[Date Prev][Date Next][Thread Prev][Thread Next] [Search] [Date Index] [Thread Index]

[MacPerl] Non-US Characters



>>> Robin McFarlane <robinmcf@altern.org> - 7/24/98 5:58 AM >>>
...
> I apologise if I'm wandering (again) from the main point of the
discussions
> here 
[Discussed 'global' software...]
> As a small aside I tried to FTP files containing Japanese HTML onto
a
> server using Anarchie. Normally good sturdy, robust, doesn't hang
and gets
> the job done, Anarchie doesn't make a faithful copy (not being
savvy to non
> English characters) and translates all the textual content into
gibberish,
> so I have to do the job by hand.

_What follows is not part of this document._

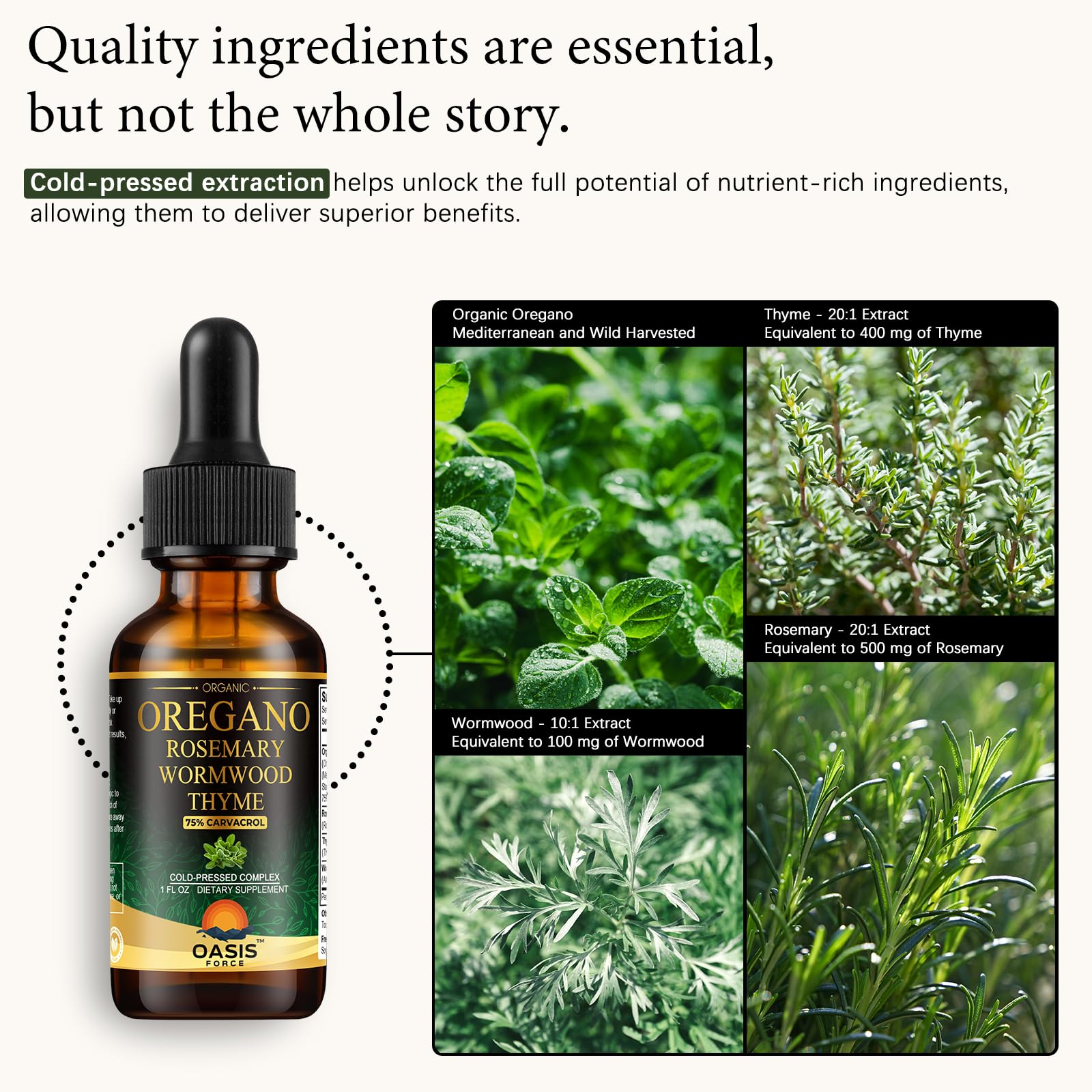 OASIS FORCE drops being dispensed for quick use in immune and gut wellness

Lack of foresight? bad
programming?

(Although this seems to be wandering off-topic I think the general
issues
of handling different character encoding systems are relevant to Perl
and
MacPerl)

I expect the problem you are having will be because your server is
probably
a unix machine using the EUC method of encoding Japanese characters
while
the Mac (and Windows) use Shift-JIS.  Although ASCII has become
almost
completely dominant as a way of encoding 'US' text, in Japan there
are
several methods of encoding Japanese and none of them dominate.  I
suppose
maybe eventually Unicode will become widely supported in operating
systems
and it will be possible to write programs that transparently handle
all the
world's languages.  Until that happens I think it's a bit unfair to
accuse
someone writing an application like an FTP client of bad programming
because
they haven't included translators for lots of different character
encoding
standards.  After all, even the issue of the best way to handle
different
line break characters (CR on Mac, LF on Unix, CRLF on Dos/Win) causes
endless, heated and inconclusive debate on this list:-)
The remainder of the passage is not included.